Come the turn of the seventeenth century, more sophisticated meta-narratives emerged with plays about making plays. Audiences were invited to saviour the multi-layers of dramas unfolding, spectating as God, peeping behind the sober veneer of the stage set and performances, watching those puppet strings being prodded and pulled behind the scenes. Audiences were never meant to see actors fluff their lines or stage hands losing their cool as meticulous plans unravel but as soon as they did, they itched for more.
Centuries later, stage plays paved the way for the moving picture – the movies – and naturally, stage plays about producing stage plays turned into movies about making movies. Like their thespianic predecessors, these movies continue to allow us to cathartically surrender our agency as the world behind the proverbial curtain spins out of control. We watch, hands cupped over our faces, but fingers parted just enough to witness the madness – because the chaos is familiar. Things fall apart, break down, build back up, break down again… ad infinitum. These movies are a microcosm of life – from the tight pressures of planning, prepping and scripting, to dealing with the diversity of egos and personalities of the cast and crew, and to quote the great meme poet Sean Bean himself, “one does not simply… fixed it in post”. Filmmaking, like life, rarely goes to plan. Even if you’d thought of every problem to solve before they’ve even happened, a flash storm hits, or your mother turns up to set, or your cameraperson gets the shits. Resolutions can only be messily improvised. Plus there’s a quiet survivalist liberation in watching things go wrong for other people because, frankly, even if you’re empathic af, you’re still gadamn grateful that it’s not happening to you.
So here, I offer up my favourite movies about making movies. One of my earliest obsessions was watching the behind-the-scenes “making of” film that accompanied Michael Jackson’s 1983 Thriller music video (directed by John “American Werewolf In London” Landis) – the goofs, the rehearsals, the creature development – movies about making movies will always hit a personal soft spot for me.
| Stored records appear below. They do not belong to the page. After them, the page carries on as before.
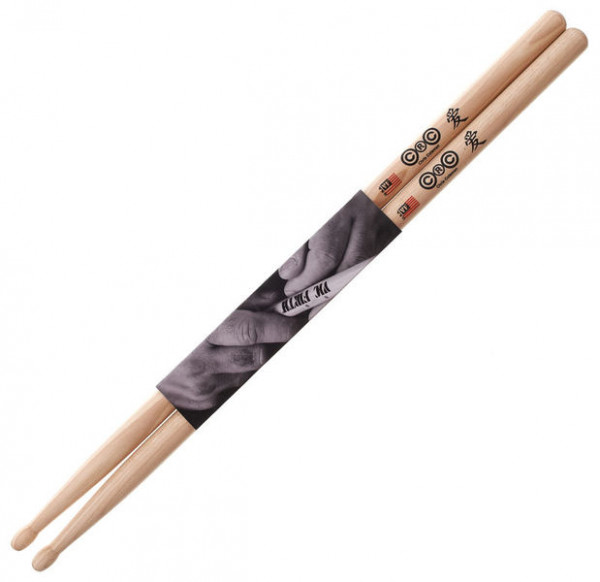 VIC FIRTH SCOL Signature Series -- Chris Coleman барабанные палочки, орех, деревянный наконечник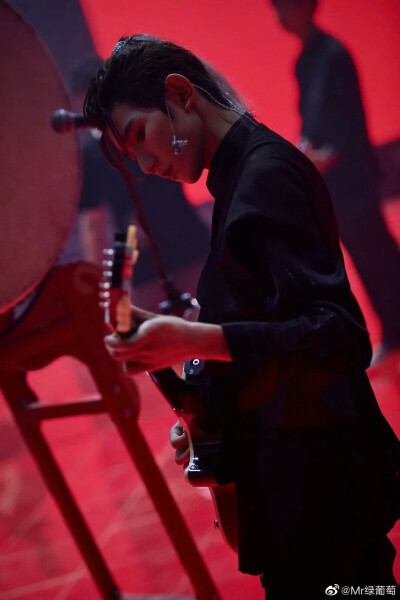 是王源呐
是刚哥呐
是源呐
TFBOYS七周年演唱会图片呐
cr.微博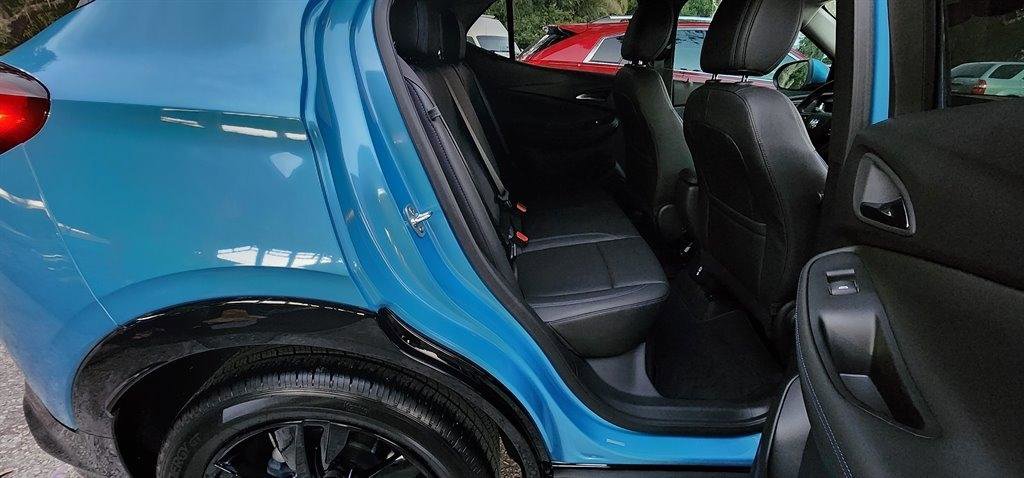 Used 2025 Buick Encore GX Sport Touring image 28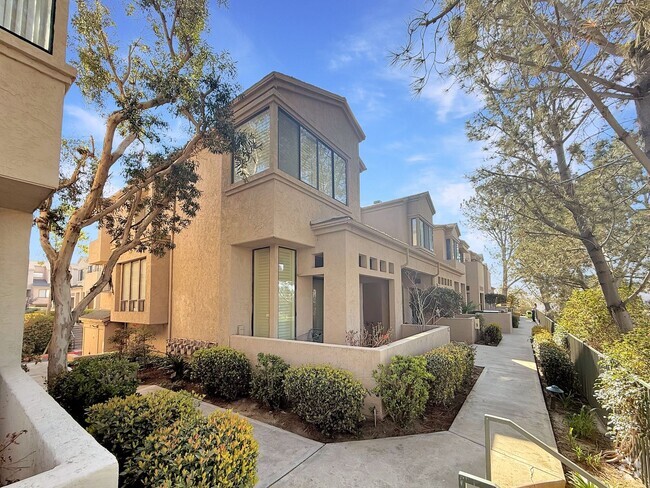 Building Photo - Gorgeous 3B/2.5BA Townhome in UTC!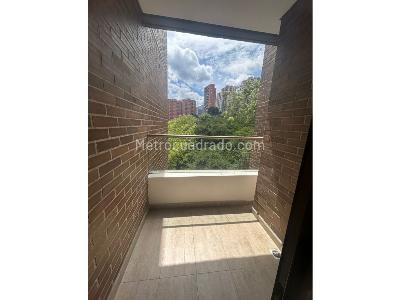 Apartamento de 2 alcobas en arriendo en Poblado Loma Los Balsos, Medellín, 90 m² · foto 14 de 20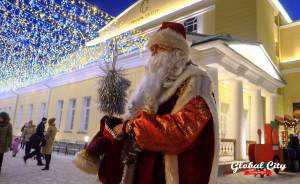 Автопробег с Дедом Морозом и Снегурочкой пройдет в Екатеринбурге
So sit back and throw that popcorn into your face with gay abandon – you’re safe here.
**Warning – spoilers ahead!**
Living In Oblivion
Director: Tom DiCillo, 1995, USA
This 90s indie flick encapsulates the chaotic spirit of filmmaking with a naïve honesty that’s so perfectly embodied by Steve Buscemi’s existentially mired movie director, Nick Reve. Anxiety-ridden, almost to the point of indecision paralysis, we hold our breath as the pressure envelopes Nick slowly… like Death’s icy hand in a Final Destination film… sorry, I digress. This film essentially bubbles, bubbles, bubbles… until it boils fully over – and no amount of Mr Muscle is going to get those burnt-on stains out. Working on a tight schedule and budget, mammoth talent egos, on set love triangles, uninvited set guests – can Nick just get on with making his film already??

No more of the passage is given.